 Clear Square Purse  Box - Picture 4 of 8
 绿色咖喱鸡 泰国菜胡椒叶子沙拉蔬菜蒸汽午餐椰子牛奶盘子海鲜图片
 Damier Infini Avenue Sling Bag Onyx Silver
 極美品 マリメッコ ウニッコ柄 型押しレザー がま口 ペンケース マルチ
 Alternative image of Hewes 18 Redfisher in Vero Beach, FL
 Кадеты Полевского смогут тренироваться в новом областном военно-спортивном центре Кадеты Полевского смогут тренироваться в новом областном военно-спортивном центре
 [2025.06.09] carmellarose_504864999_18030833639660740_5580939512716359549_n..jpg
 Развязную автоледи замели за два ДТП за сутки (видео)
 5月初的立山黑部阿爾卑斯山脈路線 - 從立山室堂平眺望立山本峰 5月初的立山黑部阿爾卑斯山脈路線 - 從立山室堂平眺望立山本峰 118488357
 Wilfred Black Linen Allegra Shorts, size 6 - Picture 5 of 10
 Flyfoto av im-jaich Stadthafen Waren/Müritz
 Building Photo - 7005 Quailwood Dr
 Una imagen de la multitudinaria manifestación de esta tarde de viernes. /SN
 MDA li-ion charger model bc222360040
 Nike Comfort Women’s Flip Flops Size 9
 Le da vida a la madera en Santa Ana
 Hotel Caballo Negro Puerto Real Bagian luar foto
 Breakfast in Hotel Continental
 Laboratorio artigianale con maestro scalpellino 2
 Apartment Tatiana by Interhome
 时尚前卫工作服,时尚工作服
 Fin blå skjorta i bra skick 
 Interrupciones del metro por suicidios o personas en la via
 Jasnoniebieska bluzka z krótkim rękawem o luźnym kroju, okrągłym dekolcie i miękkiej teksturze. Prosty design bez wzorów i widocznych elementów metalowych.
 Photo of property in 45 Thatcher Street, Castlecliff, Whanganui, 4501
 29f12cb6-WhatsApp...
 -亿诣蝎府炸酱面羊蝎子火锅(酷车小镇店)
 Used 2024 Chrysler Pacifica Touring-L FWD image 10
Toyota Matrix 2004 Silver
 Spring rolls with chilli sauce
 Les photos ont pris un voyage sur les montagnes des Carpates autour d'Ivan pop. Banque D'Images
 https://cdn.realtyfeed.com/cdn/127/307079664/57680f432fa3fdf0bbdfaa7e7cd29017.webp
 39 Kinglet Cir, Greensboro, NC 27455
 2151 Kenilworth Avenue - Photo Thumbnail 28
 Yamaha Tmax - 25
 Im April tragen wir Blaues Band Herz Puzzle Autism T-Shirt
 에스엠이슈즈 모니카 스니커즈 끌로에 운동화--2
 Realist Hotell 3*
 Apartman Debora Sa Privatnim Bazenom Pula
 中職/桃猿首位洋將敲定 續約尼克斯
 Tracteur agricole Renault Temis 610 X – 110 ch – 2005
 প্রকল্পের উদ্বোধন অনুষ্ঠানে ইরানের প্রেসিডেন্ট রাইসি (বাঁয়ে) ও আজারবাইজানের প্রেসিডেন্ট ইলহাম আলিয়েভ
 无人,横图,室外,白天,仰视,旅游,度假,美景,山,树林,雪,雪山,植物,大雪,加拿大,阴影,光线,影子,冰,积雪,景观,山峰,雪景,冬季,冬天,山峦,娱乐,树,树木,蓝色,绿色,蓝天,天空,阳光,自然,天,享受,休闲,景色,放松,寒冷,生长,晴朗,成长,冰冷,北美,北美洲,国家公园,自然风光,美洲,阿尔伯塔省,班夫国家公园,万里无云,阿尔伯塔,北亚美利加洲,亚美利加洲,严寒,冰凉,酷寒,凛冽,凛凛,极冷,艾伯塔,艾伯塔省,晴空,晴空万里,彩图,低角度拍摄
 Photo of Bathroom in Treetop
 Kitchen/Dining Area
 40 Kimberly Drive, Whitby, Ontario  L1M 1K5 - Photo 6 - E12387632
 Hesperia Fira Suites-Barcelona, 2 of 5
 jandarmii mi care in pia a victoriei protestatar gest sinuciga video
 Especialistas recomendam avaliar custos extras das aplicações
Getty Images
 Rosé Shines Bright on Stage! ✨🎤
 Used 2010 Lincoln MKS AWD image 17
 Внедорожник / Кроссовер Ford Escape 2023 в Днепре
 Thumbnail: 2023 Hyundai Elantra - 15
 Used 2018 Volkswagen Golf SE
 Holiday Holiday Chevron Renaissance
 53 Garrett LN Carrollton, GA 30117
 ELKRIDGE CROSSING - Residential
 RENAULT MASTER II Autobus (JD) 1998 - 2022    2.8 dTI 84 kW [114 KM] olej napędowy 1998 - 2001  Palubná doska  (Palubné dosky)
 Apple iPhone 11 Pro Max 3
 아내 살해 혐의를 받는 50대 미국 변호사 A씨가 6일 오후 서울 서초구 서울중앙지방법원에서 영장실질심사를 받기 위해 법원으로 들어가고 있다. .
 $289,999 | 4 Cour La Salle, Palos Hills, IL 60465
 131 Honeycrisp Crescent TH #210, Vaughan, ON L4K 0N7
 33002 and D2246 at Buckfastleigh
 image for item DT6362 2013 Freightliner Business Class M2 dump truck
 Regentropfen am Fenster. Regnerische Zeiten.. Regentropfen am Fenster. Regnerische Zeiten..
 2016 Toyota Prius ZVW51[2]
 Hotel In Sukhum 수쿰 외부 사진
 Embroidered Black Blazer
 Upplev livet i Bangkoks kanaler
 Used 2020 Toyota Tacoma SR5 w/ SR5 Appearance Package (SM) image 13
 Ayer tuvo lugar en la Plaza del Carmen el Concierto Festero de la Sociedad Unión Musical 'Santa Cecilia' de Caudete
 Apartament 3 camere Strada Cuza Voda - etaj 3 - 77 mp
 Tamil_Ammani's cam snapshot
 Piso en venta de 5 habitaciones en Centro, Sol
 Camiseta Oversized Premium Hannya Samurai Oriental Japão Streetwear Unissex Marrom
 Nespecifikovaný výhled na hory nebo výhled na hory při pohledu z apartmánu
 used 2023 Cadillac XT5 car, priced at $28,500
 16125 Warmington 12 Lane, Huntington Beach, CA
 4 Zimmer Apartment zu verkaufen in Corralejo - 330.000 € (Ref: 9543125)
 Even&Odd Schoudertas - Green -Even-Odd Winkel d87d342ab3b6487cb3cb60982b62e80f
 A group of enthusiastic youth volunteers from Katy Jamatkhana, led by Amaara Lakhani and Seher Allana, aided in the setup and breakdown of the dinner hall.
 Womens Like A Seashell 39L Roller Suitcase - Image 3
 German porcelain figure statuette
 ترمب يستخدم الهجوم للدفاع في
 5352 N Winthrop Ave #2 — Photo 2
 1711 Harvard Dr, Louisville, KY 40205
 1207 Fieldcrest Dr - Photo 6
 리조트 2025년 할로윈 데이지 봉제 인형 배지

◆ ◆ ◆ ◆

**Assigned task**
From the data, pick out every line that includes "Avenue".

**Exercise response**
 Damier Infini Avenue Sling Bag Onyx Silver
 2151 Kenilworth Avenue - Photo Thumbnail 28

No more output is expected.